Department of Genetics.
Department of Health Research & Policy.
Bioinformatics. 2017 Dec 15;33(24):3895-3901. doi: 10.1093/bioinformatics/btx534.
Interpreting genetic variation in noncoding regions of the genome is an important challenge for personal genome analysis. One mechanism by which noncoding single nucleotide variants (SNVs) influence downstream phenotypes is through the regulation of gene expression. Methods to predict whether or not individual SNVs are likely to regulate gene expression would aid interpretation of variants of unknown significance identified in whole-genome sequencing studies.

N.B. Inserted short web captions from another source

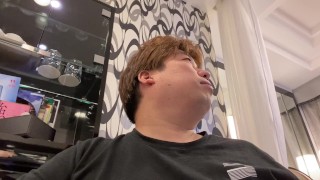 ホテルでピザが頼めるらしいので注文してみた。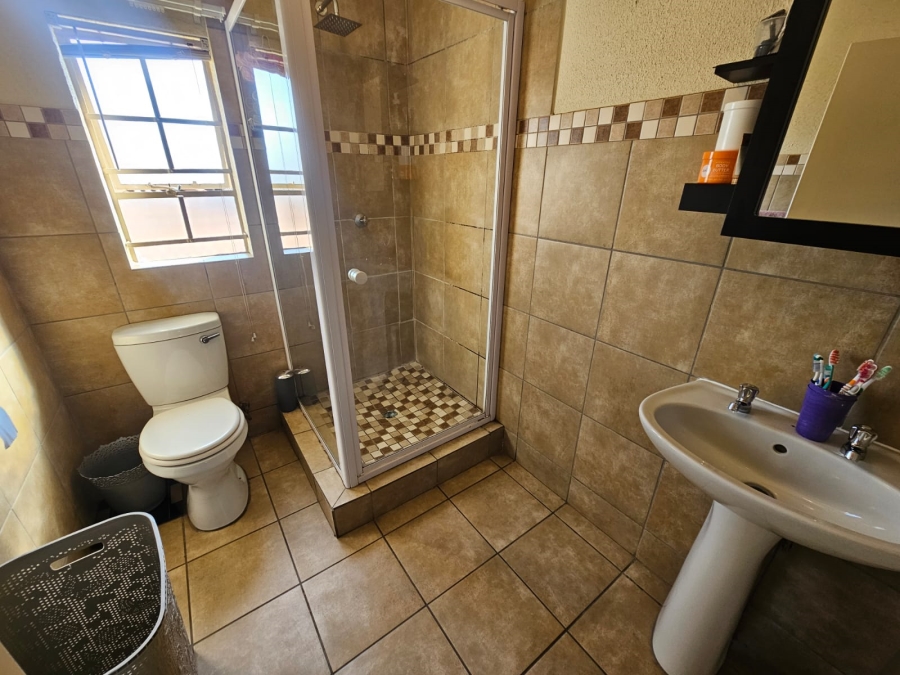 3 Bedroom Property for Sale in Albertsdal Gauteng
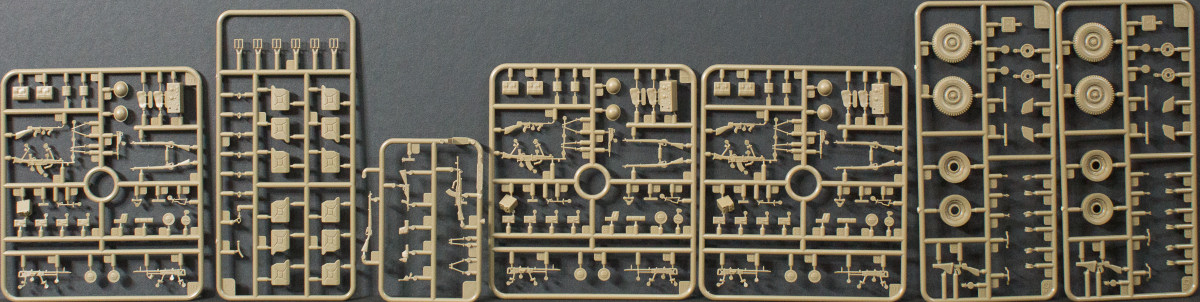 Bronco Models 35169 1/35 British Airborne Troops Riding in 1/4 Ton Truck and Trailer Image 03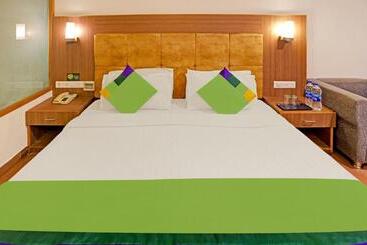 Hotel Treebo The Royal Cm, 4 Km From City Palace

We developed FIRE (Functional Inference of Regulators of Expression), a tool to score both noncoding and coding SNVs based on their potential to regulate the expression levels of nearby genes. FIRE consists of 23 random forests trained to recognize SNVs in cis-expression quantitative trait loci (cis-eQTLs) using a set of 92 genomic annotations as predictive features. FIRE scores discriminate cis-eQTL SNVs from non-eQTL SNVs in the training set with a cross-validated area under the receiver operating characteristic curve (AUC) of 0.807, and discriminate cis-eQTL SNVs shared across six populations of different ancestry from non-eQTL SNVs with an AUC of 0.939. FIRE scores are also predictive of cis-eQTL SNVs across a variety of tissue types.

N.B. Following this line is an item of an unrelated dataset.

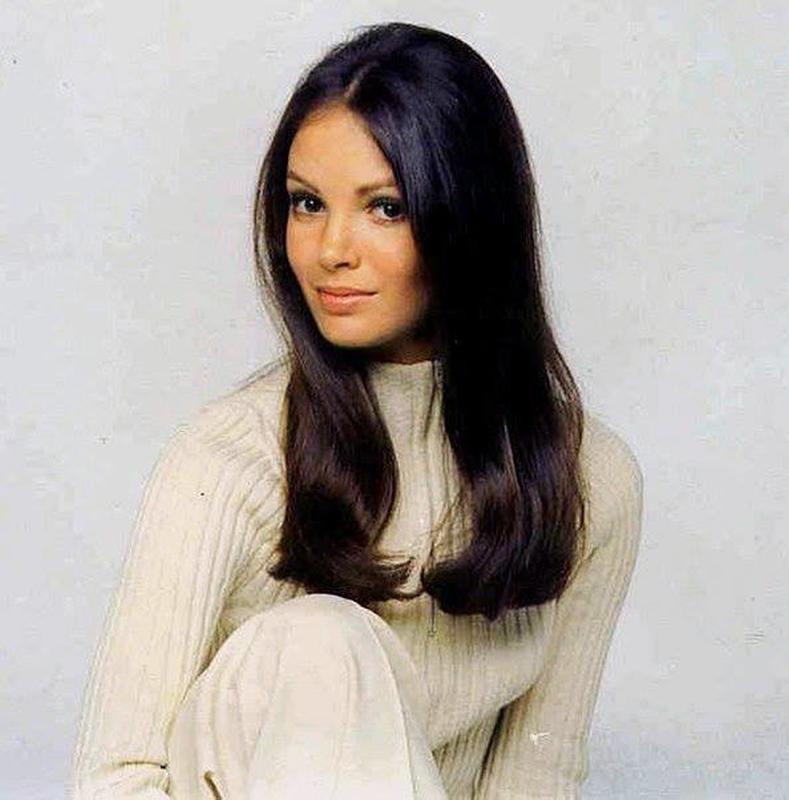Jaclyn Smith's Stylish Look from the Early 1970s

FIRE scores for genome-wide SNVs in hg19/GRCh37 are available for download at https://sites.google.com/site/fireregulatoryvariation/.
Supplementary data are available at Bioinformatics online.

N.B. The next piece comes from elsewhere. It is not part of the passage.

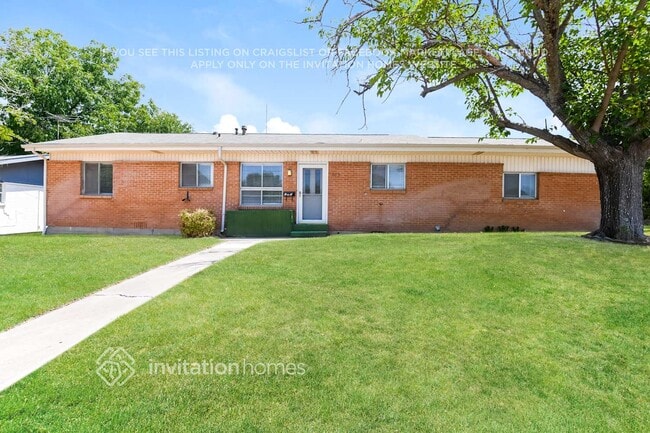 Building Photo - 202 Case St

解释基因组非编码区域的遗传变异是个人基因组分析的一个重要挑战。非编码单核苷酸变异(SNV)影响下游表型的一个机制是通过基因表达的调节。预测个体 SNV 是否可能调节基因表达的方法将有助于解释全基因组测序研究中发现的未知意义的变异。
我们开发了 FIRE(表达调控因子的功能推断),这是一种基于其调节附近基因表达水平的潜力来对非编码和编码 SNV 进行评分的工具。FIRE 由 23 个随机森林组成,这些森林经过训练,使用 92 个基因组注释作为预测特征,在顺式表达数量性状基因座(cis-eQTLs)中识别 SNV。FIRE 评分在训练集中区分 cis-eQTL SNV 与非-eQTL SNV 的交叉验证接收者操作特征曲线(AUC)为 0.807,区分跨六个不同祖先人群共享的 cis-eQTL SNV 与非-eQTL SNV 的 AUC 为 0.939。FIRE 评分也可预测各种组织类型中的 cis-eQTL SNV。
可在 https://sites.google.com/site/fireregulatoryvariation/ 下载 hg19/GRCh37 中全基因组 SNV 的 FIRE 评分。
补充数据可在生物信息学在线获得。